Who Do Archives Think They Are? : Rules and Archival Encounters
“Institutional archives are assembled around bodies of documentation that construct their realms of influence and activity. Standards, government policies and strategies speak a complex powerful language that shapes the work that archival practitioners do and feel able to do.
This paper will explore the wide-ranging influence of this documentation on the ways diverse LGBTQ+ perspectives encounter (and are encountered in) archives in institutional contexts. It will argue that the concept of archival heritage in England and Wales is reinforced by an authorising discourse about what archives are and can be, what they do and why they have value.
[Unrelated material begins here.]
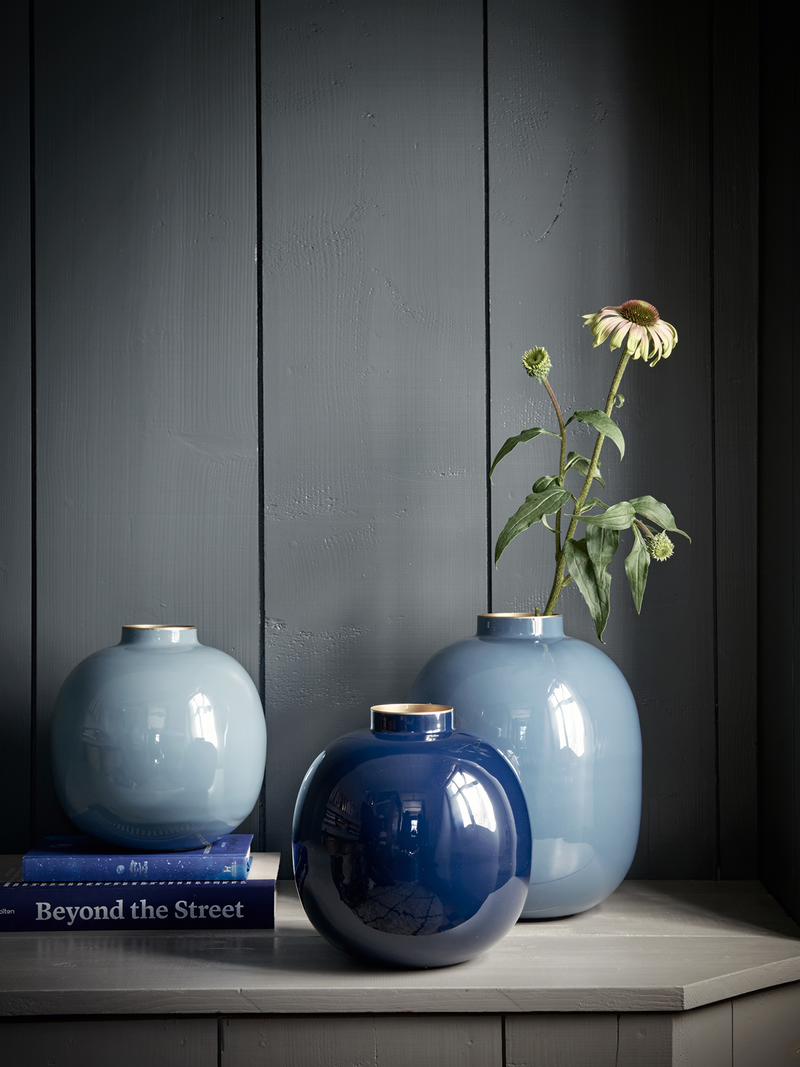 Round Metal Vase-Blue-S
Engagement and public participation are often explicitly referenced in the documentation, only to be undermined by the implied rules of the broader framework. Whereas some values and experiences are given legitimacy others are excluded or misrepresented.”
Victoria Hoyle is a PhD researcher at the Institute for the Public Understanding of the Past at the University of York, and is a practising archivist. Her research focuses on archives and heritage values and is part of an AHRC funded project called Within the Walls: Heritage Values and the Historic City. It looks at the ways in which archives are understood, created and valued by archives practitioners, communities of identity and communities of place.
The University of York is home to IPUP: the Institute for the Public Understanding of the Past. IPUP is a research centre established to study the meaning of the past in the present. Its research explores how the past is used by individuals and communities to create identity: this involves studying the ways in which the past is understood and contextualized in order to interpret the present and to mediate traumatic or contested pasts.